_Aim of the task_: In the copy, include exactly the lines from the one with "Julia Jordan Twill" through the end of the data and no others, both ends kept, with every picture left out.

[[ Data, beginning ]]

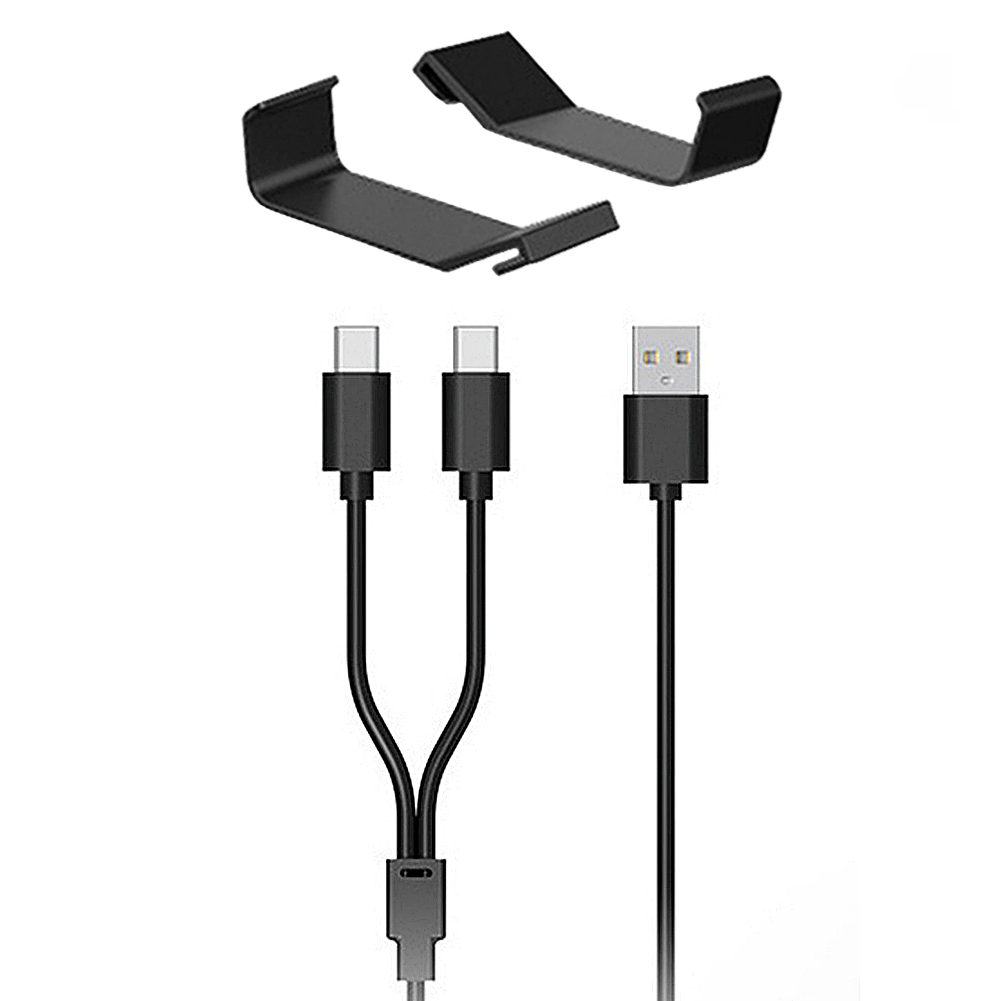thumbnail image 5 of Juego de 2 cables de carga en 1, soporte de base de cargador de almacenamiento de escritorio con ganchos para PS VR2, 5 of 9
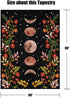Lifeel Moonlit Garden Tapestry, Moon Phase Surrounded by Vines and Flowers Black Wall Decor Tapestry 60×80 inches...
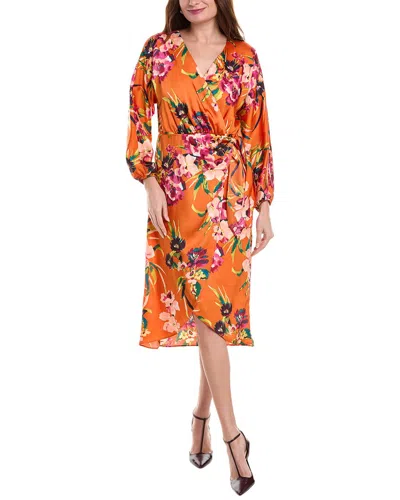 Julia Jordan Twill Satin Faux Wrap Dress In Orange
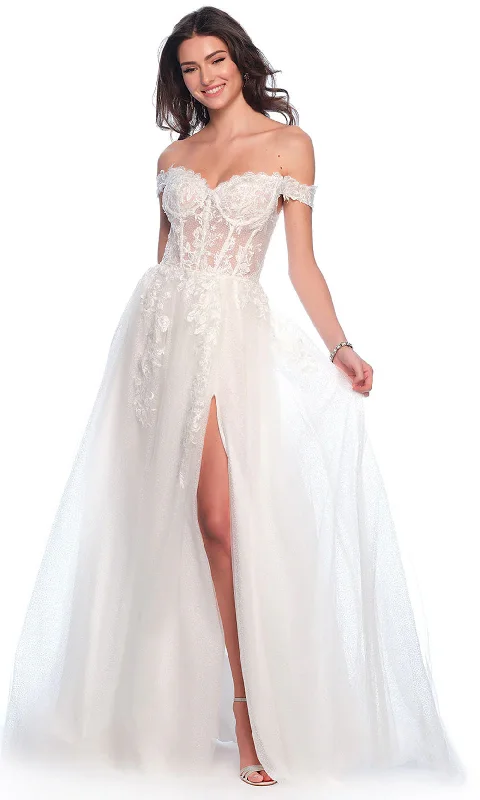 embroidered gown dressesDave & Johnny Bridal 12123 - Off Shoulder Corset Bridal Gown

[[ Data, end ]]

_Output of the task_:
 Julia Jordan Twill Satin Faux Wrap Dress In Orange
 embroidered gown dressesDave & Johnny Bridal 12123 - Off Shoulder Corset Bridal Gown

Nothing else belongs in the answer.